18 Aralık’ta görevden alınan polislere, 19’unda başlayan ifadelerde usulsüzlük suçlaması yapıldı
                     


17 Aralık yolsuzluk ve rüşvet soruşturması kapsamında gözaltına alınan eski Mali Şube Müdür Yardımcısı Yasin Topçu’nun ifadesine Haberdar ulaştı. Topçu’ya soruşturmada adı Reza Sarraf’tan rüşvet alan dört bakandan biri olarak geçen Muammer Güler ve Barış Güler’in isnatları soruldu. Baba ve oğul Güler, 17 Aralık yolsuzluk soruşturmasını yürüten polisleri “ön yargılı” olmak ve sorguda usulsüz deliller kullanarak soru yöneltmekle suçladı. Yasin Topçu ise ön yargı konsundaki ithamları redderken, sorgu sırasında dosyayı yapan polislerin tamamının görevden alındığını 18 Aralık tarihi itibariyle üst düzey ve diğer polislerin görev yerlerinin değiştirildiğini hatırlatarak, sorguyu yeni şube müdürü Hakan Sıralı ekibinin yaptığını ifade etti. Bu yüzden suçlamanın asılsız olduğunun altını çizdi. Diğer yandan, polislere dört bakan ile ilgili meclise gönderilen raporun yazılması suç unsuru gibi soruldu. Talimatı kimden aldınız denildi. Yasin Topçu bu konuda talimatın C.Savcısı Celal Kara tarafından verildiğini ifade etti.  Ayrıca Muammer Güler ve Rıza Sarraf’ın arasındaki rüşvet iddialarına ilişkin de bilgiler paylaştı.

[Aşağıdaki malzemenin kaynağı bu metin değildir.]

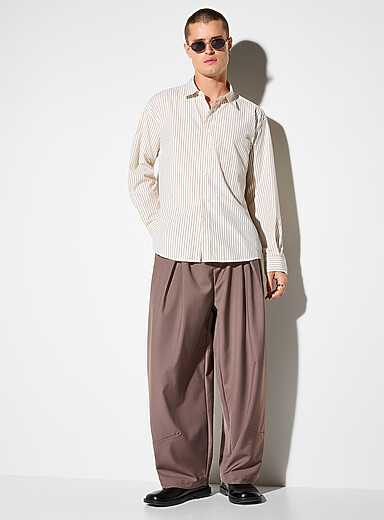 Le pantalon serg&eacute; souple Coupe ballon <b>Importation de S&eacute;oul</b>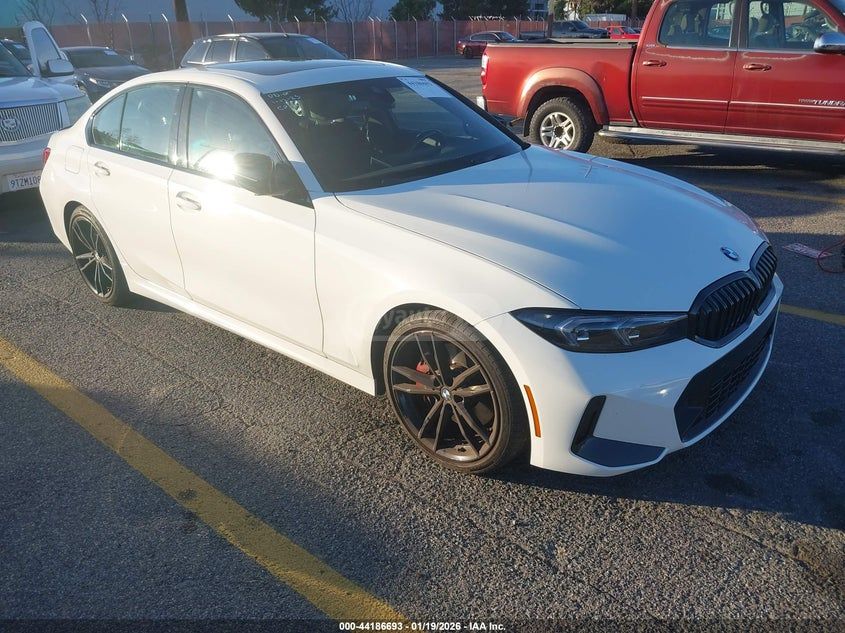 BMW Base 4dr Rear Wheel Drive Seda — миниатюра 1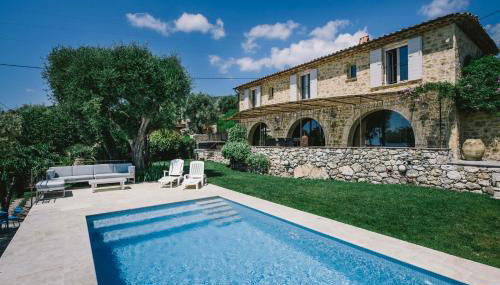villa provençale en pierre avec vue sur la mer, piscine et jacuzzi - Foto 3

Öte yandan polislere “silahlı terör örgütü üyeliği”, “gizliliğin ihlali”, “görevi kötüye kullanma” suçlaması yapıldı. Yasin Topçu ifadesinde kendisine yöneltilen “silahlı terör örgütü” suçlamasına ilişkin delillerin sunulmasını istedi ve bu yönde tek bir soru yöneltilmediğini de ifadesinde kayda geçirdi.

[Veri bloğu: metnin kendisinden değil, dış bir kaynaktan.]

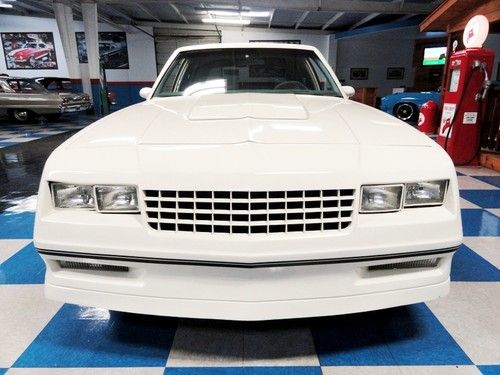1979 chevrolet malibu 4 door  wagon - factory v-8 - factory 4 speed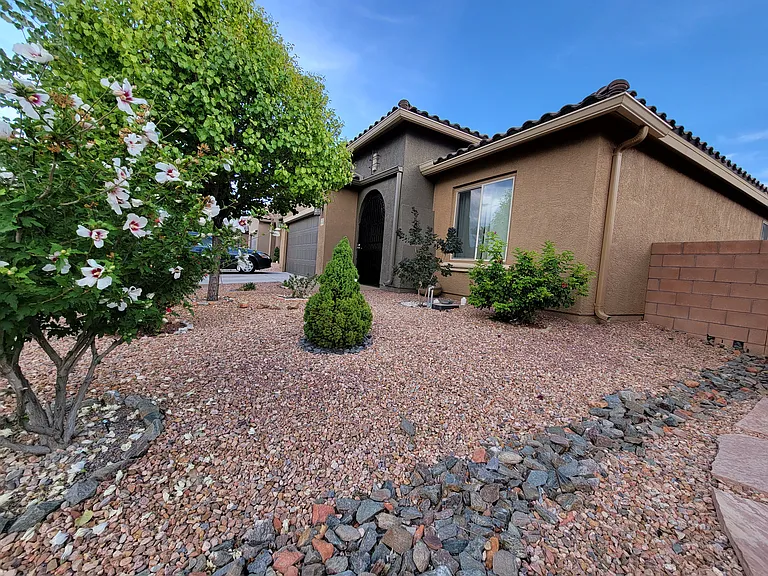 6480 Hojas Verdes — Photo 3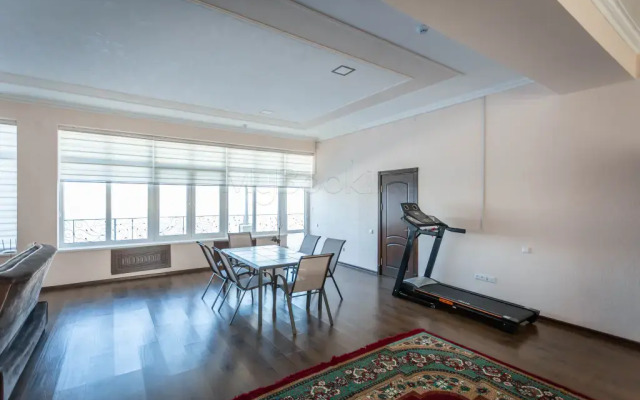 Lake House Resort hotel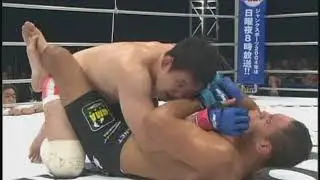 Antonio Rogerio Nogueira 'Minotouro' X Kazushi Sakuraba - PRIDE 2003 - (Luta Inteira - Full Fight)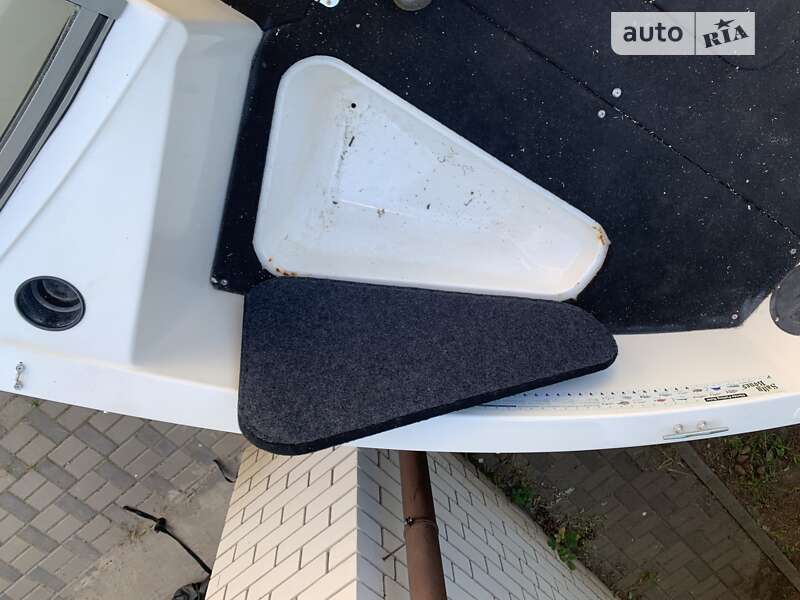 Катер Larson Cabrio 2011 в Запорожье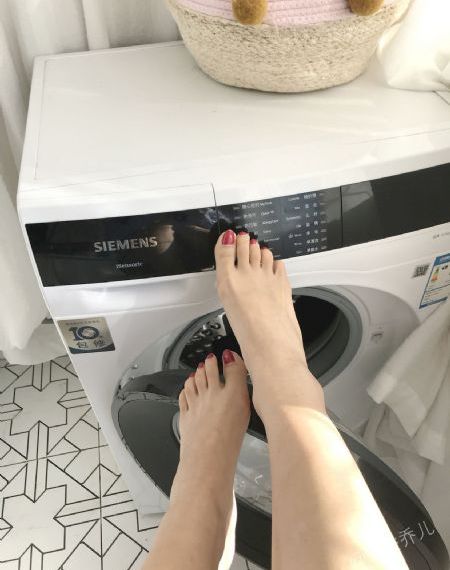 欧美真人后进式猛烈视频_无广告免费播放高清电影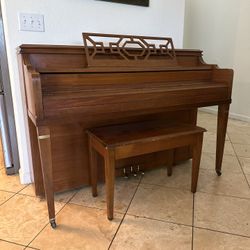 FREE piano In Porterville 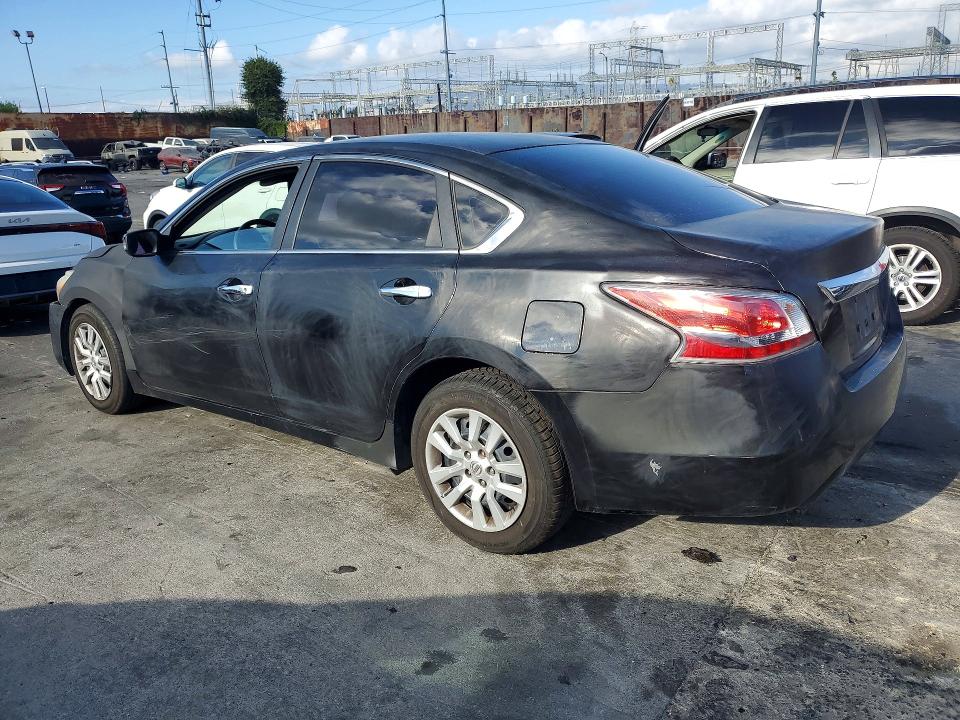 2015 Nissan Altima მანქანა იყიდება აუქციონზე, vin: 1N4AL3AP2FC206409, აუქციონის ნომერი: 67322196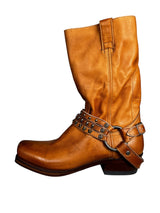 Botas Tachas Cuero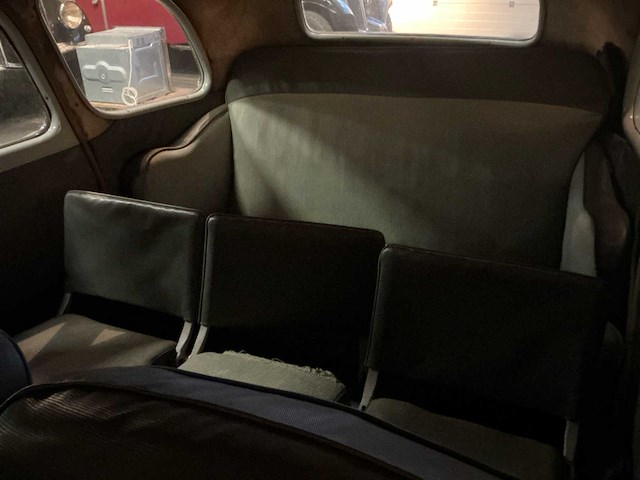 Citroen 11 traction avant familiale oldtimer - afbeelding 5 van  26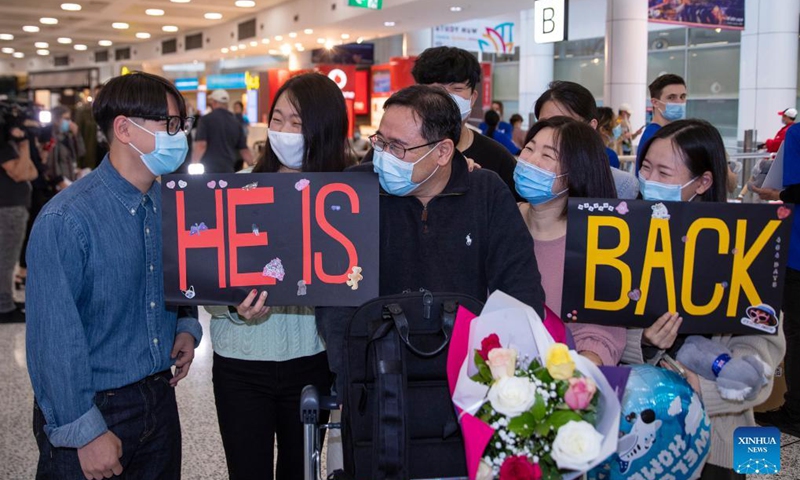People welcome passengers from Singapore at Sydney Airport in Sydney, Australia, on Nov. 21, 2021. Australia's travel bubble with Singapore came into effect on Sunday.Photo: Xinhua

İşte Yasin Topçu’nun ifadesinin tamamı:


Anadolu C.Başsavcılığının 27.12.2013 günü müşteki sıfatı ile ifade veren Haydar Keskin isimli şahıs ifadesinde “ 17.12.2013 tarihinde İstanbul Çağlayan Adliyesinde yapılan yolsuzluk ve rüşvet operasyonları ile ilgili olarak operasyonu yapan emniyet müdürlerinden ve bu operasyonu yöneten ve talimat veren C.savcılarının tümünden davacı ve şikayetçiyim. Bu kişiler siyasi çalkantılara sebep olan hukuk dışı bir kesimin isteklerine uygun düşen işler yapmışlar ve ülke ekonomisine zarar doğurmuşlardır. İstanbul Çağlayan adliyesinde görev yapan C.Savcılarından ve İstanbul Emniyetinde görevli üst düzey emniyet müdürlerinden davacı ve şikayetçi” olduğunu beyan etmiştir. Konu ile ilgili olarak İstanbul C.Başsavcılığının 2014-52092  soruşturma numarası ile işleme alınmış olan şikayet 09.062014 tarih 2014-2517 birleştirme  no ile 2014-55422 nolu soruşturmada hukuki ve fiili irtibat bulunduğundan evrak birleştirilmesine karar verilmiştir.


Müşteki şahsı tanıyor musunuz? Konuyla ilgili ifadenizi veriniz?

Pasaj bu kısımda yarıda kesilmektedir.